[Start of section]

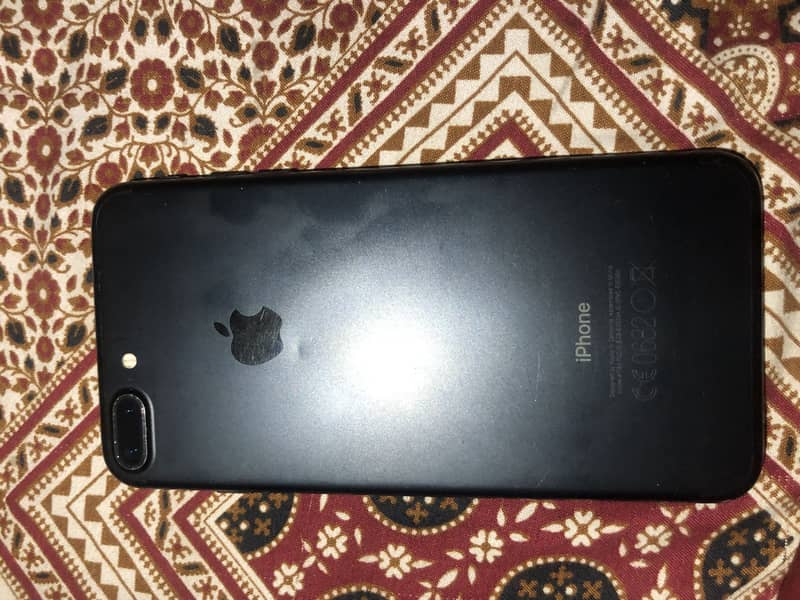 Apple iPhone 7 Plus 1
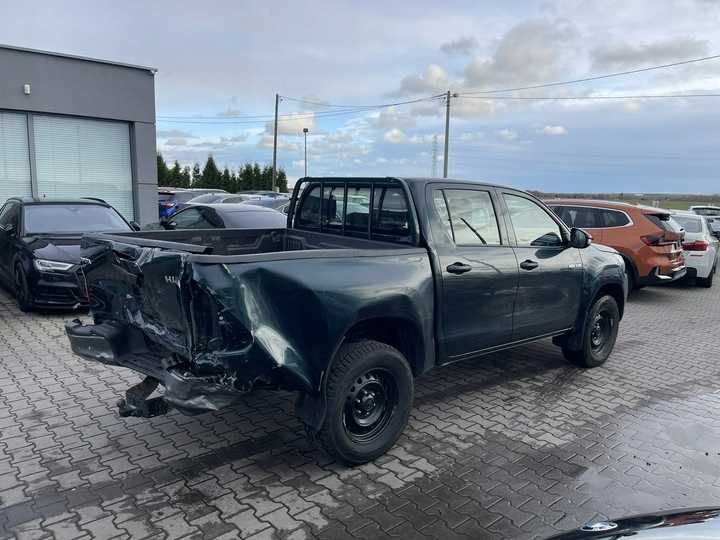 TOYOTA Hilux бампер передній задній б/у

[End of section]
[Start of section]

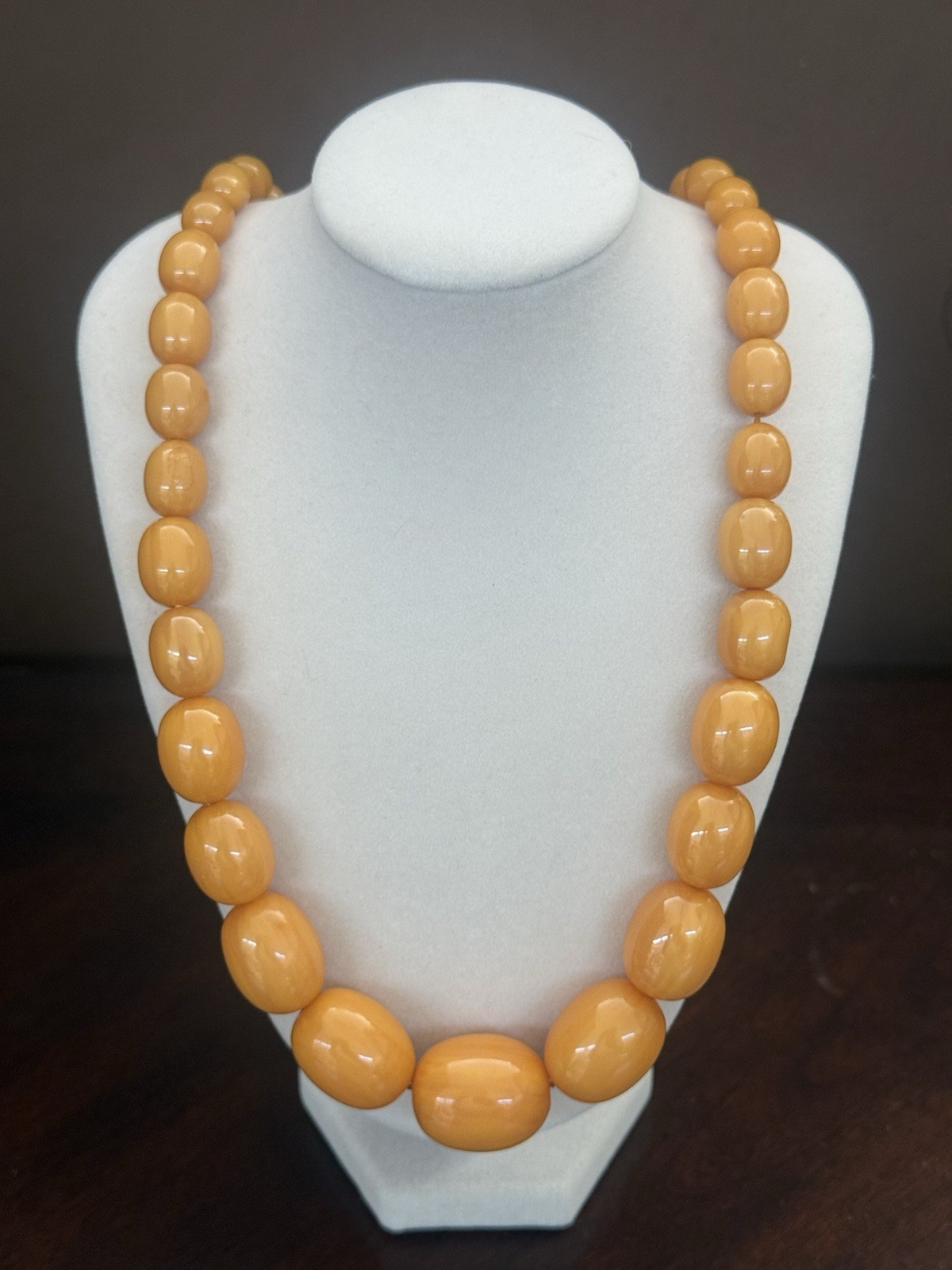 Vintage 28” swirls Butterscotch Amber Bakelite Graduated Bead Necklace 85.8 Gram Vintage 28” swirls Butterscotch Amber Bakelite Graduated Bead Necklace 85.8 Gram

[End of section]
[Start of section]

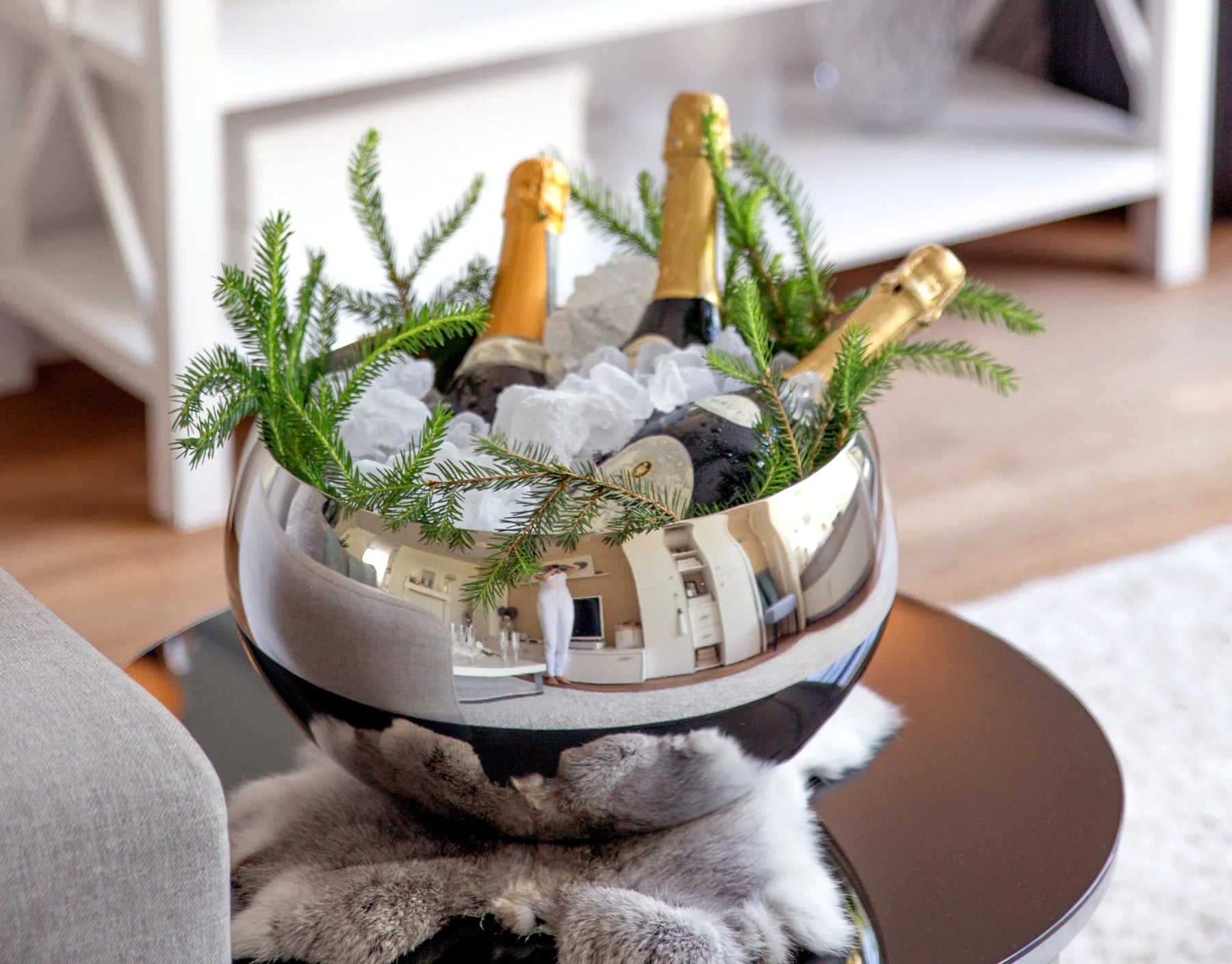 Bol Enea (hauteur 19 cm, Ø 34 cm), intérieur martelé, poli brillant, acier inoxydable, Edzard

[End of section]

§ **Required work**:
Respond with the exact lines above running from the one containing "Apple iPhone 7 Plus 1" to the one containing "TOYOTA Hilux бампер передній задній б/у", both ends kept and no pictures included.

§ **Task output**:
 Apple iPhone 7 Plus 1
 TOYOTA Hilux бампер передній задній б/у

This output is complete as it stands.